Copy all the records exactly; the complete set is the expected result.

* * * * * * * * *

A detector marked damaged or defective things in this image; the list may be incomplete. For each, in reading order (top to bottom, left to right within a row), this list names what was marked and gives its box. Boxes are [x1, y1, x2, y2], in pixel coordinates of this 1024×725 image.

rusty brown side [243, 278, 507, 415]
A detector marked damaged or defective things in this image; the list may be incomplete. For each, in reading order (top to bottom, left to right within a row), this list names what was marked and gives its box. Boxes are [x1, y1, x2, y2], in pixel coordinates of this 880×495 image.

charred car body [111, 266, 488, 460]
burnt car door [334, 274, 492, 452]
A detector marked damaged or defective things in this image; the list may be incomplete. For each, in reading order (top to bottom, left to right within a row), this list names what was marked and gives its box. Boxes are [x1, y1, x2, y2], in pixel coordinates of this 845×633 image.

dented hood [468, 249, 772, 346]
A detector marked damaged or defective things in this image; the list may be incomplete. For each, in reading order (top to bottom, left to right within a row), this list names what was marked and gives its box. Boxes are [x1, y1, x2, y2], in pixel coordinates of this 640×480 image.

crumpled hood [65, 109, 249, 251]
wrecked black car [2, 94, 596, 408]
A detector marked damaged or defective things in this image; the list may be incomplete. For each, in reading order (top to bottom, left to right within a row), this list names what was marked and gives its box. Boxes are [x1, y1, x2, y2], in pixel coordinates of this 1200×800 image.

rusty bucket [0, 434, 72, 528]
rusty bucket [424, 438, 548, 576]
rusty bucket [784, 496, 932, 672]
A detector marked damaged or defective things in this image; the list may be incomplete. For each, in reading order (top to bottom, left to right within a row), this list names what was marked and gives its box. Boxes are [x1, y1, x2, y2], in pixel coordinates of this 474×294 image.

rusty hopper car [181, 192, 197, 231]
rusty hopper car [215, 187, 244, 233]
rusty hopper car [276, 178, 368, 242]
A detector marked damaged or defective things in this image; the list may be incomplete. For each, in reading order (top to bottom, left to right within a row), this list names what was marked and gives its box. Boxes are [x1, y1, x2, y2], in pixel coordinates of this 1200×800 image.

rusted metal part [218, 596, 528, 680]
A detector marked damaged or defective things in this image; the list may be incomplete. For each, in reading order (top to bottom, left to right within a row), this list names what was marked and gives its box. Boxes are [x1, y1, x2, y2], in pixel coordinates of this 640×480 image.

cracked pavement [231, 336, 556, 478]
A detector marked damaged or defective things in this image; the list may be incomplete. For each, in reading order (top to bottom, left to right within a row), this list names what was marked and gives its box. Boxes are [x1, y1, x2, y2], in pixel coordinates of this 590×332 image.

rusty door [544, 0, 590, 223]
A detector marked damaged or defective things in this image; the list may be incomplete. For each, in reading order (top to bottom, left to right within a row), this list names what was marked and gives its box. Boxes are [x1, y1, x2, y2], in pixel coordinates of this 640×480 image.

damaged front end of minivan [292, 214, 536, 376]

* * * * * * * * *

• Finished task:
A detector marked damaged or defective things in this image; the list may be incomplete. For each, in reading order (top to bottom, left to right within a row), this list names what was marked and gives its box. Boxes are [x1, y1, x2, y2], in pixel coordinates of this 1024×725 image.

rusty brown side [243, 278, 507, 415]
A detector marked damaged or defective things in this image; the list may be incomplete. For each, in reading order (top to bottom, left to right within a row), this list names what was marked and gives its box. Boxes are [x1, y1, x2, y2], in pixel coordinates of this 880×495 image.

charred car body [111, 266, 488, 460]
burnt car door [334, 274, 492, 452]
A detector marked damaged or defective things in this image; the list may be incomplete. For each, in reading order (top to bottom, left to right within a row), this list names what was marked and gives its box. Boxes are [x1, y1, x2, y2], in pixel coordinates of this 845×633 image.

dented hood [468, 249, 772, 346]
A detector marked damaged or defective things in this image; the list may be incomplete. For each, in reading order (top to bottom, left to right within a row), this list names what was marked and gives its box. Boxes are [x1, y1, x2, y2], in pixel coordinates of this 640×480 image.

crumpled hood [65, 109, 249, 251]
wrecked black car [2, 94, 596, 408]
A detector marked damaged or defective things in this image; the list may be incomplete. For each, in reading order (top to bottom, left to right within a row), this list names what was marked and gives its box. Boxes are [x1, y1, x2, y2], in pixel coordinates of this 1200×800 image.

rusty bucket [0, 434, 72, 528]
rusty bucket [424, 438, 548, 576]
rusty bucket [784, 496, 932, 672]
A detector marked damaged or defective things in this image; the list may be incomplete. For each, in reading order (top to bottom, left to right within a row), this list names what was marked and gives its box. Boxes are [x1, y1, x2, y2], in pixel coordinates of this 474×294 image.

rusty hopper car [181, 192, 197, 231]
rusty hopper car [215, 187, 244, 233]
rusty hopper car [276, 178, 368, 242]
A detector marked damaged or defective things in this image; the list may be incomplete. For each, in reading order (top to bottom, left to right within a row), this list names what was marked and gives its box. Boxes are [x1, y1, x2, y2], in pixel coordinates of this 1200×800 image.

rusted metal part [218, 596, 528, 680]
A detector marked damaged or defective things in this image; the list may be incomplete. For each, in reading order (top to bottom, left to right within a row), this list names what was marked and gives its box. Boxes are [x1, y1, x2, y2], in pixel coordinates of this 640×480 image.

cracked pavement [231, 336, 556, 478]
A detector marked damaged or defective things in this image; the list may be incomplete. For each, in reading order (top to bottom, left to right within a row), this list names what was marked and gives its box. Boxes are [x1, y1, x2, y2], in pixel coordinates of this 590×332 image.

rusty door [544, 0, 590, 223]
A detector marked damaged or defective things in this image; the list may be incomplete. For each, in reading order (top to bottom, left to right within a row), this list names what was marked and gives its box. Boxes are [x1, y1, x2, y2], in pixel coordinates of this 640×480 image.

damaged front end of minivan [292, 214, 536, 376]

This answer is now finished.